Cosplay is a powerful and inspirational storytelling tool

Why we troop
Image: Andrew Liptak

I've got two cosplay-related things to share for this week. The first is a PSA: I'll be doing a talk with the Vermont Historical Society tomorrow as part of our Virtual Speaker Series: Storytelling and Costuming.

I've run a number of talks over the last couple of years since I published Cosplay: A History, and as we've had a couple of fashion/costume/accessory-related exhibits in the museum, this seemed like a good time to throw my hat into the ring for a talk. I'll be talking a bit about the history of the scene, but I'll also be looking at how Vermonters have used costumes to tell stories as well. I've got a couple of examples queued up (including this one) that'll hopefully tie the larger world of cosplay to a smaller local scene.

It'll also be virtual: you don't have to be in Vermont to listen in! The talk will take place at noon eastern time and you can find the link to join the talk here.

Oh!
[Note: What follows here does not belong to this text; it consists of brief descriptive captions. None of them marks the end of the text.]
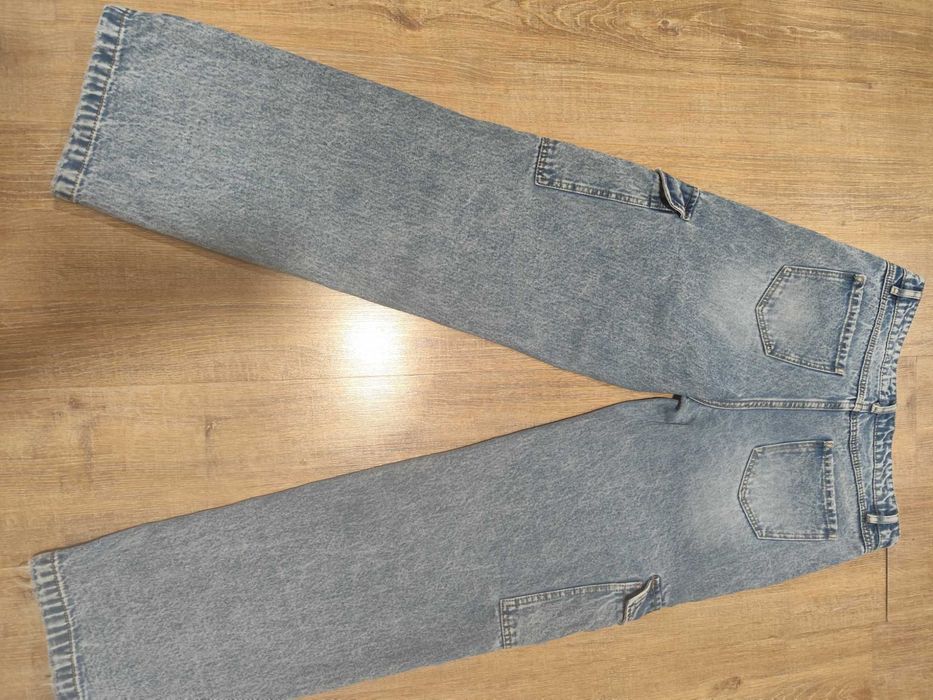 дънки с големи странични джобове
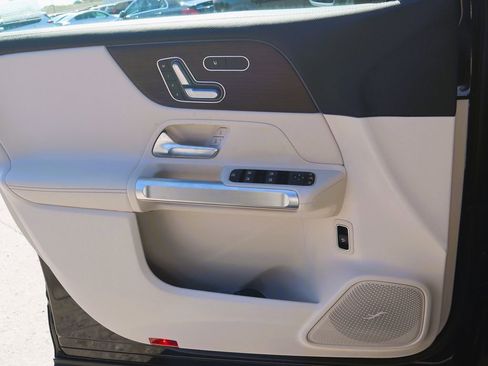 New 2026 Mercedes-Benz GLB 250 4MATIC image 15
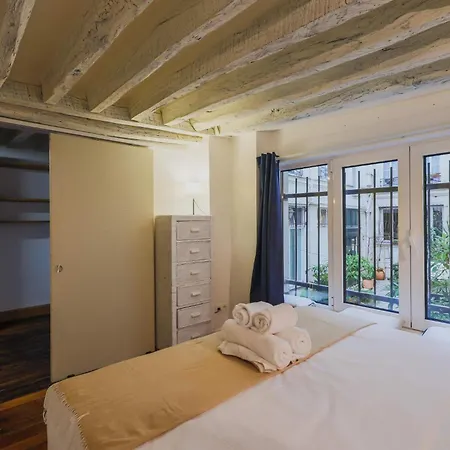 Characterful 6p Grand Boulevard Appartement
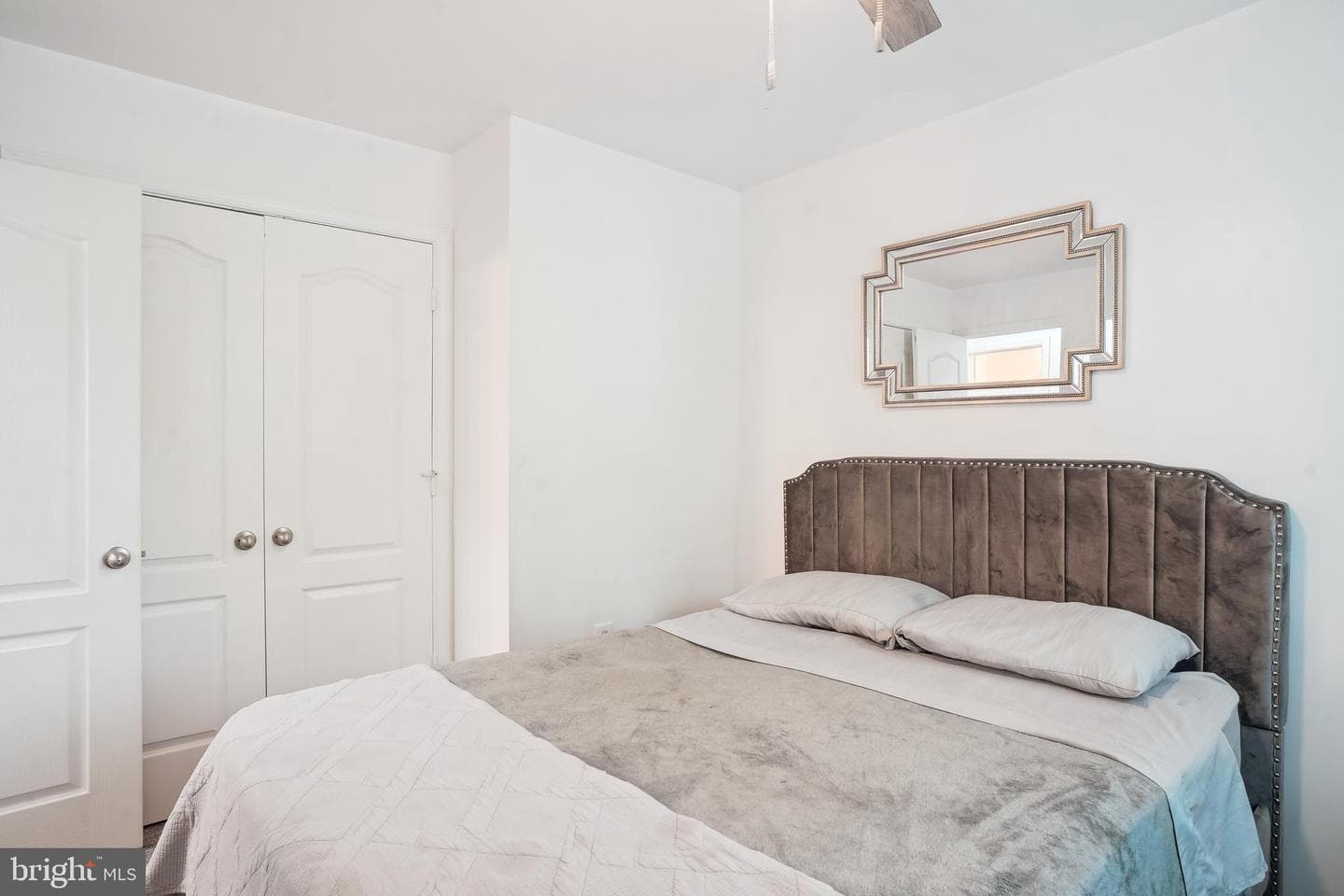 2641 S Everly Drive #8 4 photo 17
I'll also be trooping this weekend at Rail City Fan Expo's mini event in Saint Albans on Sunday, December 10th.

The other thing popped up in the TO Slack channel: a Twitter thread from a man named Brad Simpson who lost his child Elijah to a brain tumor in April 2017.

Elijah was a fan of Star Wars, and as his father recounts, a friend offered to dress up as Darth Vader and show up at school during a celebration for him. The word went out and reached members of the 501st Legion, who also offered to show up in costume. Following Elijah's passing, those members showed up at his memorial service as an honor guard.

It's a horrifying thing to think about, or even imagine as a parent.

We troopers often note that it's a good thing that we're often wearing closed-faced helmets during troops like this: we're often crying under them. I've done a handful of troopers with the Vermont chapter of Make-A-Wish: one boy who looked just like my nephew was headed off to Disney. We did a couple of troops with a boy who had a brain tumor: one before his surgery, and another after, when he was headed off on a trip to Legoland Florida. (It sounds like he's doing better!) It's heartening to see actors dressing up as their characters to visit children in hospitals to do something similar, or to see communities come together to help boost some kid's spirits a bit. A decade ago, Make-A-Wish staged a massive event in San Francisco to help a 5-year-old fulfill his dream to be Batman for a day.

These are incredibly difficult and emotional troops to undertake: we're brought face to face with realization of just how fragile life can be, and just how resilient, and brave these kids are. Cosplay can be an important booster, even for kids who aren't suffering from life-threatening conditions: the picture at the top of this post is from Kid's Day in Burlington Vermont, where we showed up and took part in a parade and just hung out for a couple of hours posting for pictures and answering questions for kids.

I've often described cosplay and the 501st as a somewhat self-indulgent hobby, but one that's offset by fact that we get to do things like this; bring a kid's favorite story to life for just a short while, or give them the opportunity to talk with their favorite characters. Brad summed it up nicely: "For at least one day, the shadow of cancer, of grief and death seemed to fade for a bit."

Reading Brad's account was moving: a good reminder for how powerful stories can be, and how this scene goes far beyond the folks dressing up at conventions or other pop-culture events.